La cuestión –desde un punto de vista sin implicaciones emocionales– supuso una problemática en el siglo XX, cuyo máximo exponente fue el destierro de grecochipriotas del norte y de turcochipriotas del sur (aunque de esto se hable menos). Pero, ¿qué sucede en el XXI considerando que Chipre forma parte de la Unión Europea desde el 2004?
El Odeon, en el yacimiento de Paphos
Ciento ochenta kilómetros de muro custodiado, una línea verde –nada esperanzadora– desmilitarizada y formalmente patrullada por las Naciones Unidas que vuelve a recordarnos lo que supone una frontera cerrada a cal y canto con escuadra y cartabón. El único, desde que cayera el muro de Berlín que se mantiene erguido, inmune a críticas, sólido en la vieja Europa. Enalteciendo las barreras de la nada y los límites abstractos que se han ocupado de construir con un lema de poder económico e histórico desde el punto de vista político, se transcribe en una sociedad que –viviendo en total armonía y paz en este caso– se agarra a la identidad del pueblo que construyen desde otros puntos de vista. Y es que es muy necesario sentirnos cerca de una identidad firme que nos recuerde el motivo de nuestro cometido en el mundo, pero posiblemente esa identidad ya se haya perdido con las nuevas generaciones.
Lefkosia, Lefkoça o Nicosia es una ciudad en construcción con una cantidad ingente de coches que recorren las calles rodeadas de parques que funcionan a modo de palacios de gatos. La gente no perdona la hora del frappé (café helado) -que no tiene horarios-, ni tampoco las charlas con sus amigos en cualquier taberna en la que toquen bouzouki o beban zivania. El lema bajo el sol abrasador es sigá-sigá, traducido al también lema español ‘poco a poco’, pero con un significado cargado de un simbolismo que solo una tierra como la chipriota puede concederle a dos palabras. Las banderas griegas, izadas al lado de las propias del país, miran desde lejos la ladera que aguarda la bandera de la luna menguante con mirada provocadora. Se oye el canto a la mezquita mientras los sacerdotes ortodoxos se pasean engalanados con sus familias. Se observan los ojos entre las cizallas que te saludan en la distancia, encima de grafitis con siempre la misma palabra: paz.

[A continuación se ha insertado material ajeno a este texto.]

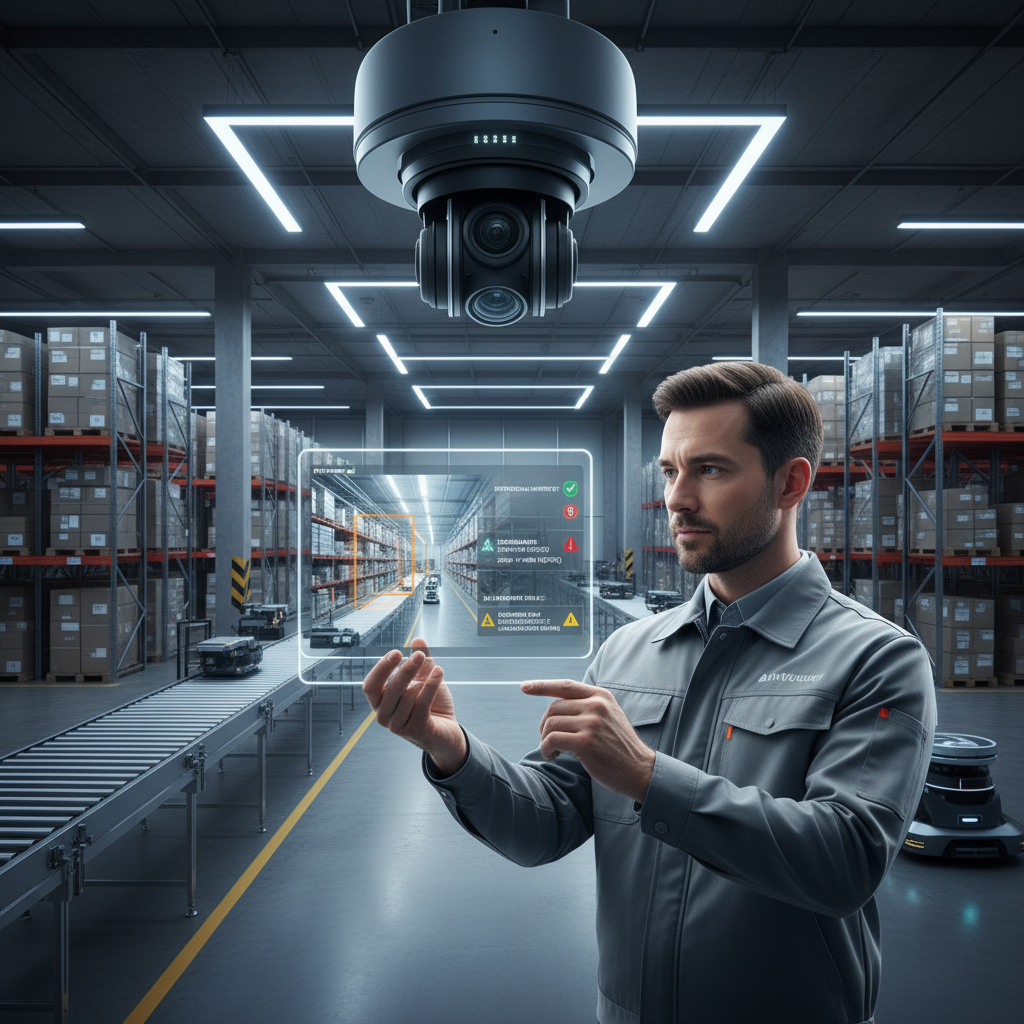 Edge AI camera inspection in a modern warehouse with multimodal analysis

Paz para ambas comunidades que comparten país y por tanto emociones, trayectos, sueños, señas de identidad, historia. Paz incluso a través de otro muro de la vergüenza. Paz que gritan –aunque internamente– para que sea escuchada ahí donde alguien pueda darle un golpe a la primera piedra. Las negociaciones ya han empezado, solo el tiempo dictará sentencia.